I still do! And I’m totally fine, actually, with pop music right now. I like Justin Timberlake’s song, and — what is it, Christina Aguilera, “Ain’t No Other Man”? A pop song for me has to be like a watch, perfectly constructed, and some are, and then some, like that Beyoncé one, “Irreplaceable,” there’s one point where she rhymes a word with itself, which to me is just jarring. It’s like, Wait a minute, you can’t do that! You have to find a word that sounds like it to rhyme!

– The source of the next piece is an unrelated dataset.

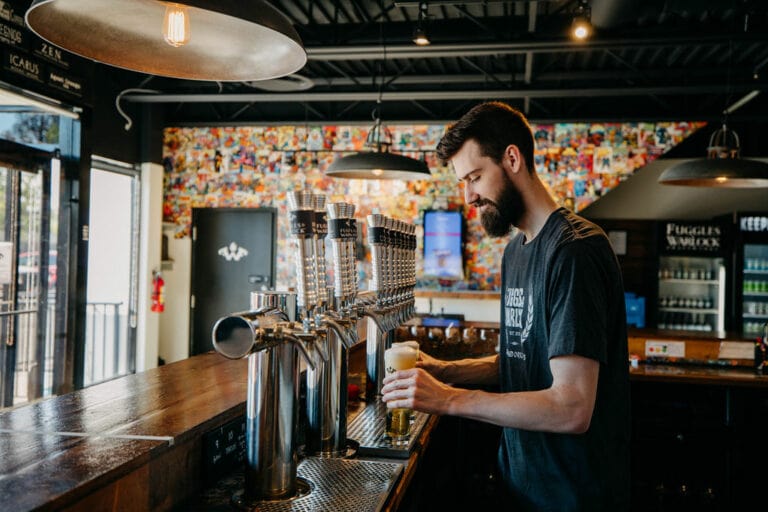 14 Oranges Fuggles & Warlock Restaurant Bartender Serving Beer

You can’t rhyme “you” with “you.” Anyway.

Does it bother you that many people’s first association with you is that time?
Obviously, I’d like it if people had a wider view of what I’ve been doing throughout my life, but I’m also pragmatic; I know that, to some extent, that was when the stuff I was doing had its widest impact.

Kinda makes me feel bad that most people can’t tell his post-Heads albums apart.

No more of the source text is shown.